20 marzo 2023 h 17.00
Cinema Spazio Alfieri Firenze – via dell’Ulivo, 6
Suspense (alta tensione: thriller e/o horror)
// Doppia Pelle [Le Daim] // BlackBerry (thriller tecnologico) // Club Zero (horror alimentare) // Come pecore in mezzo ai lupi // Sanctuary (thriller psicologico) // Beau ha paura [Beau is afraid] // Cane che abbaia non morde [Barking dogs never bite] // Preparativi per stare insieme … (thriller psicologico) // L’ultima notte di Amore (noir metropolitano) // Holy Spider // M3GAN (thriller distopico) // Bones and All (horror cannibale) // Nido di vipere // L’homme de la cave [Un’ombra sulla verità] // La fiera delle illusioni // America Latina // Raw (horror cannibale) // Titane // Il sospetto [Jagten] // Favolacce // Notorious! (thriller H.) // Parasite // Il signor diavolo // The dead don’t die (gli zombie sono tornati) // Border: creature di confine // La casa di Jack // Gli uccelli [The birds] (horror H.) // L’albero del vicino //
Psicanalisi (“The doctor is in”)
// Frammenti di un percorso amoroso // Sick of Myself // Beau ha paura [Beau is afraid] // Preparativi per stare insieme … // Tre piani // Un divano a Tunisi // Doppio amore [L’amant double] //
Un thriller psicologico.
Film asciutto, essenziale, astratto, malinconico, com’è tradizione dell’anima e della cinematografia ungherese.
Non ci sono poliziotti, trafficanti di gioielli, agguati, assassini, colpi di pistola. Si ispira al cinema di Alfred Hitchcock.
I due protagonisti del film sono Márta Vizy e János Drexler (in ungherese sarebbero Vizy Márta e Drexler János), specialisti in neurochirurgia; lui è anche scrittore. Siamo a Budapest.
La dottoressa ha studiato in America e ha fatto una brillante carriera in un ospedale del New Jersey.
Molto bella, occhi blu, sguardo profondo; malinconica. Vive da sola.
I due operano su pazienti che “perdono le parole” o sentono improvvisi acufeni o avvertono strani dolori dietro un orecchio. Questi medici devono essere estremamente preparati e pronti a prendere decisioni difficili. Può essere necessario, per esempio, sacrificare i centri della vista per salvare i ricordi e consentire alla mente del paziente di sopravvivere.

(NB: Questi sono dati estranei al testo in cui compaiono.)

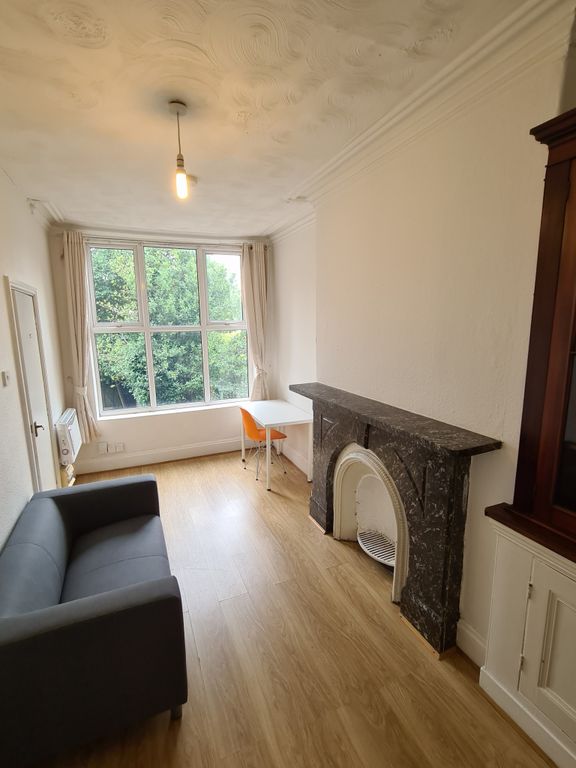 Property photo 3 of 8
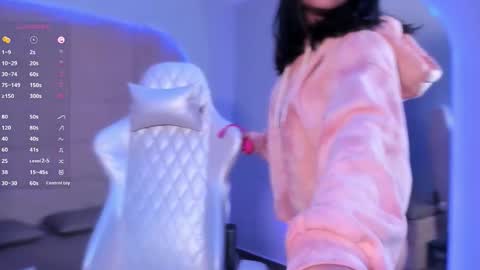 Snapshot of hannahmonttgomery chatting on March 2026 01:46:02 PM hannahmonttgomery Help me reach 100 Hands up online show from March 2026 01:46:02 PM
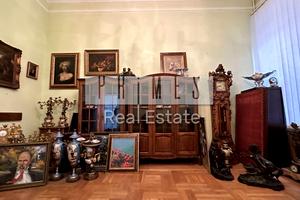 комерційна за адресою Архітектора Городецького вул., 2/1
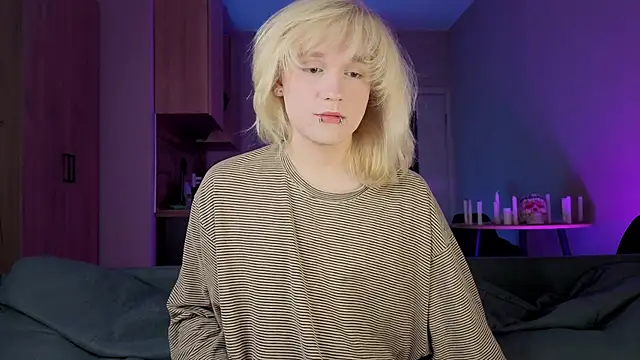 Snapshot of Gregory_Byyrd chatting on October 24, 8:38 pm Gregory Byyrd online show from October 24, 8:38 pm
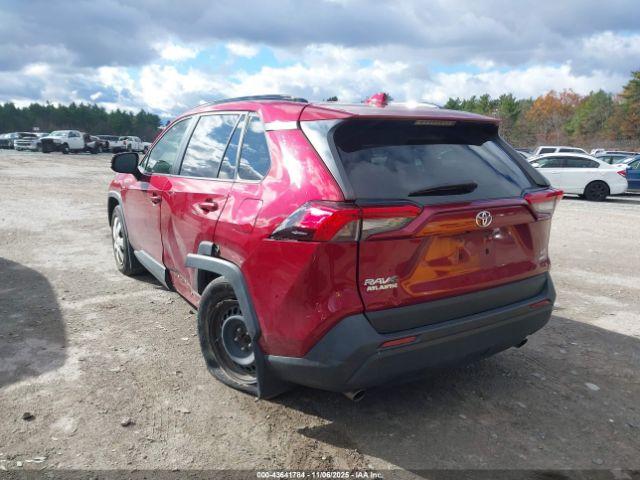 Toyota RAV4 Le Image 7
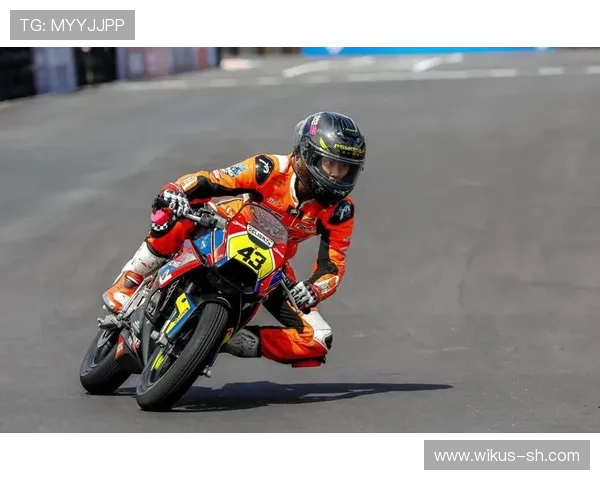 摩托GP赛季最新动态:明星车手表现亮眼 新赛道挑战即将开启 摩托GP赛季最新动态:明星车手表现亮眼 新赛道挑战即将开启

Decisioni terribili da prendere in pochi minuti, a volte in pochi secondi.
Il dottor János Drexler, alla presentazione di un suo libro, racconta: lungo il Danubio si vedono edifici bellissimi e edifici brutti; distruggendo gli edifici brutti e lasciando al loro posto uno spazio vuoto si salverebbe la bellezza del tutto. È ciò che fa un chirurgo che interviene su un tumore.
Nel corso dell’intervento sul cervello (in molti casi) il paziente è sveglio, vigile. L’anestesista somministra un anestetico locale nei punti di emergenza nervosa. Il chirurgo, mentre elimina zone malate per salvare il resto, segue le sue reazioni. Il paziente elenca le immagini che vede su uno schermo. Quando confonde il lago Balaton con il mare la dottoressa interrompe l’intervento.
Márta Vizy è molto brava: riceve i complimenti dai malati che salva e dai loro parenti. Meno felici sono i colleghi invidiosi.
Si è trasferita improvvisamente dal New Jersey, dove è rimasta otto anni, a Budapest dopo un incontro fulminante.
Márta ha conosciuto, durante lo svolgimento di un congresso in America, János Drexler e si è innamorata a prima vista. Passione reciproca nel tempo di un incontro. Una notte insieme, poi, il mattino seguente, il dottore è dovuto tornare in Ungheria. Appuntamento a Budapest, sul Ponte della Libertà, dal lato di Pest, alle cinque del pomeriggio.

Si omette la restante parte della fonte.